In April 1939 during the Italian fascist aggression he was the commander of border forces in the Shkodër region. He organised the forces at his disposal to make a stand in Shëngjin. Seeing the superiority of Italian forces and not wanting his forces to surrender to Italians, Spiro along with his men exiled to Yugoslavia and remained there until the beginning of 1940.

Accepting an invitation for his reinstatement into the Albanian governmental forces, Moisiu returned to Albania and at the end of 1940, while serving as the commander of Tomorri battalion, he was sent to the Italian-Greek front. Spiro did not want to fight against the Greeks and along with another Albanian major, Prenk Pervizi, withdrew his men from the front lines and induced many Albanians to desert. This caused him to be deported to a military post in Laç where he was kept under strict surveillance until the Italian High Military Court condemned him to death for desertion from the front lines. The sentence was later cancelled and his only punishment was dismissal from military service. This was because the Italians feared a mutiny of the Albanian soldiers who were still under Italian command.

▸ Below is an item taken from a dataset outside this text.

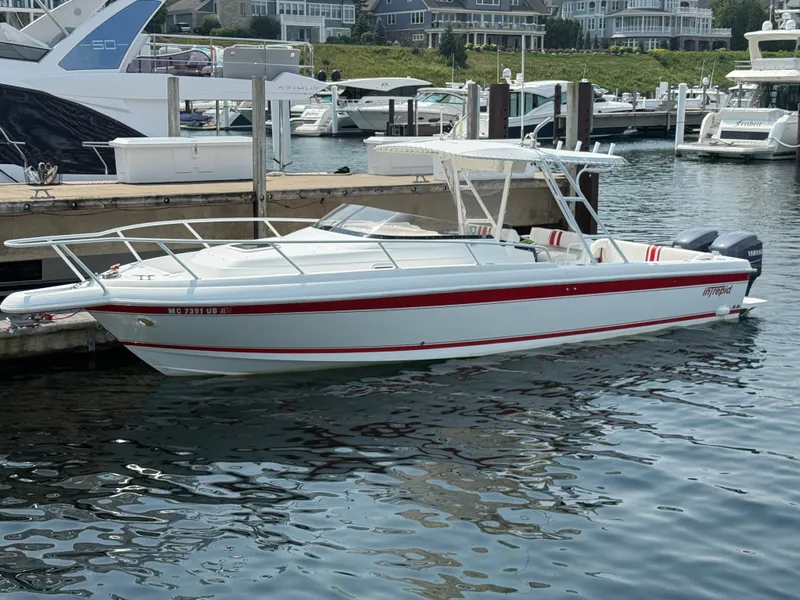The Image of 2000 Intrepid 322 boat docked in marina, featuring sleek design and red accents. - 0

=== Major General of the National Liberation Army ===
After his retirement from military service he was sent to the Berat region. He was there contacted by communists who in July 1943 proposed him to be the General Commander of Communist-dominated Albanian National Liberation Army (ANLA). He had the merit of turning the dispersed and not very well organised Albanian resistance forces into a regular army. Under his military leadership the ANLA was able to withstand two major offensives of the Germans in the winter of 1943-44 and in June 1944, while at the same time keeping the Germans under constant attacks; to win the war against the nationalist forces who opposed the ANLA, such as Balli Kombëtar, Legaliteti and others; and to liberate the country on November 29, 1944, Albania being the only country in Europe to have done so without the participation of Allied forces.

== After World War II ==
=== Opposition to Yugoslavia ===
He opposed the model proposed by the Yugoslavs for the reorganization of the Albanian army, and preferred Soviet instructors to Yugoslav ones. He sent many Albanian officers to Soviet military academies in order to create a new generation of Albanian officers.

=== Retirement ===
During a trial in 1946 one of the defendants testified that they had the support of Spiro Moisiu in a possible coup d'état. This led to his discharge from active duty and military service while he was only 46 years old.
Spiro Moisiu was married to Aspasi Druga from the reputable Druga family of Kavajë. The couple had three children, Alfred, Jolanda and Arqile.